Unraveling Last Week’s Crypto Market Turbulence: SEC Charges, Sentiment Shifts, and Bitcoin’s Market Dominance
DDA Crypto Market Pulse, June 12, 2023
von André DragoschLeiter der Forschung
Wichtigste Erkenntnisse
- Last week, cryptoassets were significantly under pressure with the SEC’s charges against the major exchanges Coinbase and Binance as main negative catalysts
- Our in-house Crypto Sentiment Index has decreased throughout last week but is not yet as bearish as during the SVB collapse in March 2023
- Bitcoin’s market cap dominance has increased to the highest level since April 2021 amid the recent market rout in altcoins
Chart der Woche
Kryptoasset Leistung
Last week, cryptoassets were significantly under pressure with the SEC’s charges against the major exchanges Coinbase and Binance as main negative catalysts.
More specifically, the SEC has filed 13 different charges against Binance and its founder Chenpeng Zhao including operating an unregulated securities exchange, misrepresenting trading controls and oversight on the Binance.US platform, and the unregistered offer and sale of securities. In contrast, the pending Coinbase lawsuit also focuses on the unregistered offer and sale of securities in connection with its staking-as-a-service program.
More importantly, both charges mentioned a set of major cryptoassets that the SEC deems to be a security. These tokens include: SOL, ADA, MATIC, FIL, SAND, MANA, ALGO, and AXS. These tokens have been mentioned both in the Binance and Coinbase charges which is why they were at the eye of the storm during the latest market rout.

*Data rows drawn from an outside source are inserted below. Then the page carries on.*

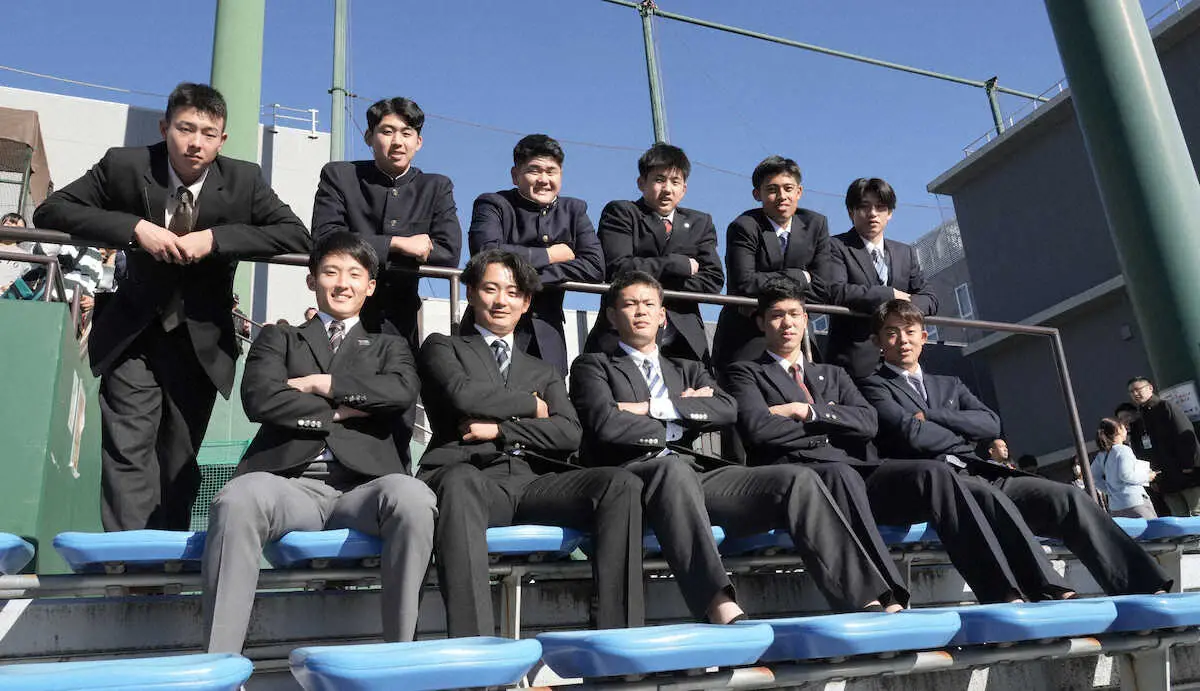 【画像・写真】巨人・新入団選手がジャイアンツ球場を見学　ドラフト1位・石塚裕惺「本当に野球に打ち込める環境」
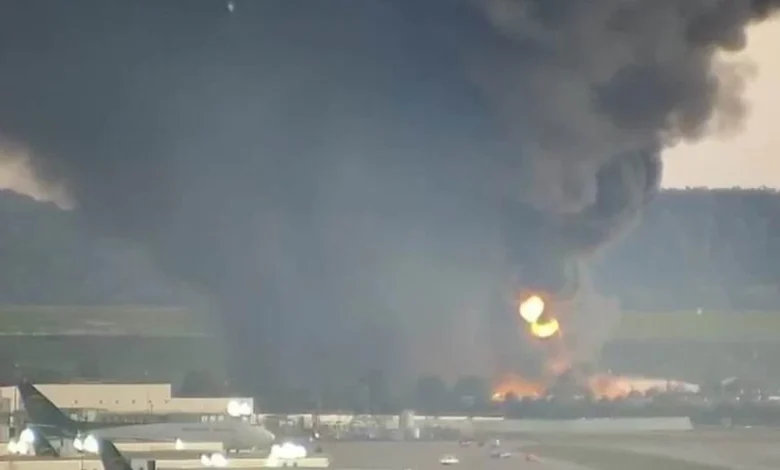 Emergency services have rushed to a cargo plane crash at an airport in Kentucky.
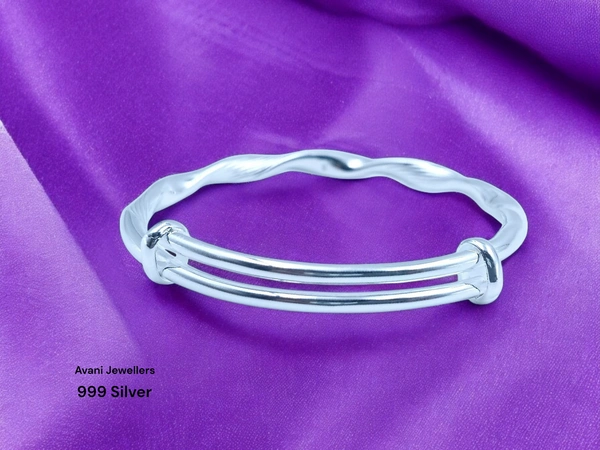 Avani Jewellers Silver Ladies Plain Kade - 23.63, Free Size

Neither Bitcoin (BTC), Ethereum (ETH) nor Ripple (XRP) were mentioned in any of these charges by the SEC which is probably the reason why these cryptoassets were the relative outperformers. As a result of the latest sell-off in altcoins, Bitcoin’s market cap dominance has increased to 49.3% – the highest level since April 2021 (Chart-of-the-week).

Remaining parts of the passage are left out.